Ich zdaniem to turystyka krajowa i wydatki związane z urlopami sprawiły, że sprzedaż jest „na plusie”. – Łączny wkład wzrostu krajowych wydatków turystycznych w stosunku do dynamiki sprzedaży detalicznej w cenach bieżących wyniósł 1,2 pkt proc. w lipcu i 1,6 pkt proc. w sierpniu, co oznacza, że z wyłączeniem tego wpływu nominalna dynamika sprzedaży detalicznej w sierpniu wynosiłaby jedynie 3,6 proc. w skali roku – wylicza Adam Czerniak, ekonomista Invest-Banku SA.
Podobnie uważa Piotr Bujak, starszy ekonomista Banku Zachodniego WBK. – W warunkach silnego osłabienia złotego Polacy ograniczyli wyjazdy za granicę, wydawali pieniądze w kraju – podkreśla Bujak.
Z danych GUS wynika, że w stosunku do wydatków z sierpnia 2008 r. mniej wydaliśmy w cenach stałych na meble, sprzęt AGD/RTV (o 5 proc.), samochody (2,9 proc.), paliwa (4,6 proc.).

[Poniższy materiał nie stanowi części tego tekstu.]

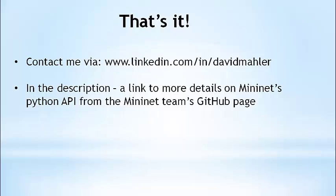That wraps up this video on custom topologies. As usual, I can be found at www.linkedin.com/in/DavidMahler. And thanks to those who contacted me already from my other videos. In the comments, I included a link to the Mininet team's GitHub page, where there was a post describing the Mininet Python API in much more detail.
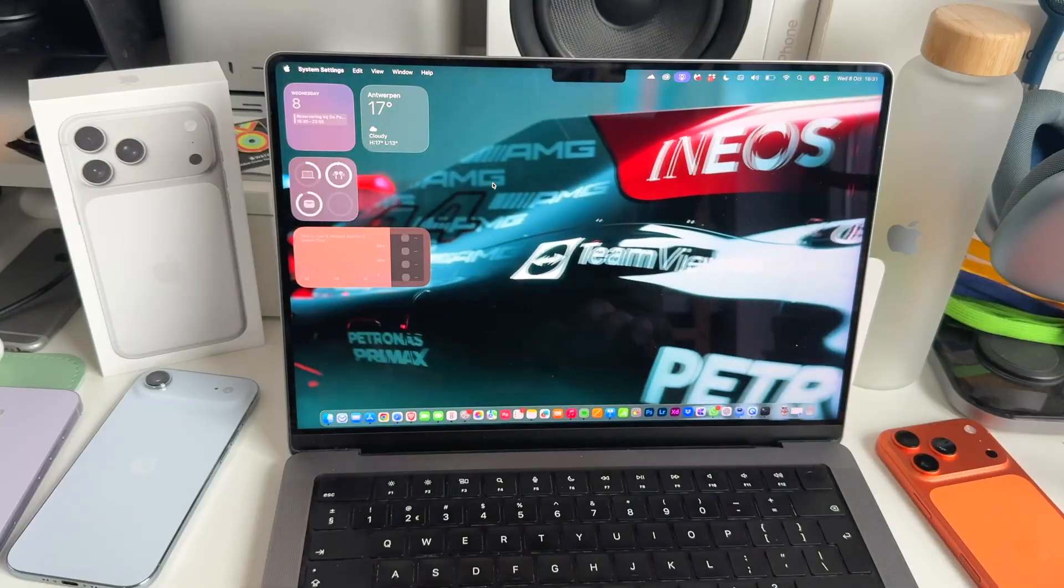Okay, so we love to customize our Macs and recently I shared a video on how you can have a live wallpaper on your Mac's home screen.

Wzrosły z kolei wydatki na żywność, napoje i wyroby tytoniowe (o 5,3 proc.), farmaceutyki i kosmetyki (13,2 proc.), odzież (23,7 proc.) oraz książki i prasę (5,7 proc.). Wciąż kupujemy więcej niż rok temu w dyskontach (o 21,3 proc.).
– Na razie konsumpcja indywidualna się nie zmniejsza, bo ludzie starają się nie zmieniać przyzwyczajeń zakupowych. Jednak mogą zacząć oszczędzać, bo płace realnie tracą na wartości – zwraca uwagę Maria Drozdowicz-Bieć, prof. SGH.